Lesia Severynivna Leskiv (also Lessia Leskiv, Леся Северинівна Леськів; born 17 October 1963 in Rohatyn) is a Ukrainian sport shooter. She represented Ukraine in rifle shooting in the Olympic Games in 1996, 2000, and 2004, finishing within the top fifteen in the games. Leskiv also earned four medals (three silvers and one bronze) at the World Championships, and five more, including three golds, at the European Championships, bringing them up to her remarkable career tally of nine. A full-fledged member of the Lvov Army Forces, Leskiv trained for the shooting club under her personal coach Vadym Vysochyn.

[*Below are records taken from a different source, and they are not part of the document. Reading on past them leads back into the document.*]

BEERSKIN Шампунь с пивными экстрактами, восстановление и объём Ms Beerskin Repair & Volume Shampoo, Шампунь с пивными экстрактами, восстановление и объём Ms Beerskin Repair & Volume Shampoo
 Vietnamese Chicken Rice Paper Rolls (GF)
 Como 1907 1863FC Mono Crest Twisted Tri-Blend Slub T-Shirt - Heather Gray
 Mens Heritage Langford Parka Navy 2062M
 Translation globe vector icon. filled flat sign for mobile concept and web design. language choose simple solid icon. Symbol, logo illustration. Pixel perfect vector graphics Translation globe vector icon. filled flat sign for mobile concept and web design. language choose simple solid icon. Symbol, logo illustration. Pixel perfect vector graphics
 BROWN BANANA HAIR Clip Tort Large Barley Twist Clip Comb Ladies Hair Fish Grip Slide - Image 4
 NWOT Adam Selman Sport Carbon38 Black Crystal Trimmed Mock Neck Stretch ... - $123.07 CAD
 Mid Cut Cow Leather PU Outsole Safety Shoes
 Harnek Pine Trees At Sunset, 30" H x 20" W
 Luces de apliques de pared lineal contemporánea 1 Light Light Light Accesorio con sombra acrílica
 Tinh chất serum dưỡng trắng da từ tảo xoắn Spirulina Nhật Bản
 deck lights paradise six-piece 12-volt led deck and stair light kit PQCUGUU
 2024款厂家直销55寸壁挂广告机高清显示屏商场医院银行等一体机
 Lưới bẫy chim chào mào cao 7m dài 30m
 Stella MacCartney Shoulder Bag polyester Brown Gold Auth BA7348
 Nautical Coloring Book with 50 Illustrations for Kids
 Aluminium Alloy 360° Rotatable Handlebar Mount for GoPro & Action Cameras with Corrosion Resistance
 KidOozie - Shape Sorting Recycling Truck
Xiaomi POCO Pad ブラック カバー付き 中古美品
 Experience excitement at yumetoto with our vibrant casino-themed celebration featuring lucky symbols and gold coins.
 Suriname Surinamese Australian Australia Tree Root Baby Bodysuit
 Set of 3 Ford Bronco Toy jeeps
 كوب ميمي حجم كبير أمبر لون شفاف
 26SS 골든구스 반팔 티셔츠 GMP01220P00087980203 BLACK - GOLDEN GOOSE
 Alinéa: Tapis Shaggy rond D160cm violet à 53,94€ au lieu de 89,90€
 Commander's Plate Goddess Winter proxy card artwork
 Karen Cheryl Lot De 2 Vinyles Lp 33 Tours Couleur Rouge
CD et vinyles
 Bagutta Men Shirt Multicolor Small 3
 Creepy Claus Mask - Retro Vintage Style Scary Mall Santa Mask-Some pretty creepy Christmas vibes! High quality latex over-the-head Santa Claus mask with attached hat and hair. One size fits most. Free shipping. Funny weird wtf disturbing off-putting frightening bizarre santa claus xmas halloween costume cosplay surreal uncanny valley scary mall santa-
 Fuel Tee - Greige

Leskiv started out as a member of the Soviet shooting squad at the 1984 Friendship Games in Moscow, where she took home the silver medal in the rifle three positions. Although she missed out a chance to compete in two succeeding editions of the Olympic Games, Leskiv managed to successfully claim four medals, three silvers and one bronze, in rifle shooting at the ISSF World Shooting Championships between 1982 and 1994.

Following Ukraine's official debut at the 1996 Summer Olympics in Atlanta as an independent nation, Leskiv was selected to compete for the nation's Olympic shooting squad. She wound up an eighth spot in the 10 m air rifle, and then shared a ninth position with Switzerland's Gaby Bühlmann and Germany's Petra Horneber in the 50 m rifle 3 positions, accumulating a tally of 494.2 and 579 points, respectively.

At the 2000 Summer Olympics in Sydney, Leskiv dropped her position from the previous Games to fifteenth with a score of 392 points in the 10 m air rifle. She redeemed herself with a score of 579 in the prelims to share the ninth spot with Norway's Lindy Hansen in the 50 m rifle 3 positions, but fell short of a chance to compete for the final by a single point.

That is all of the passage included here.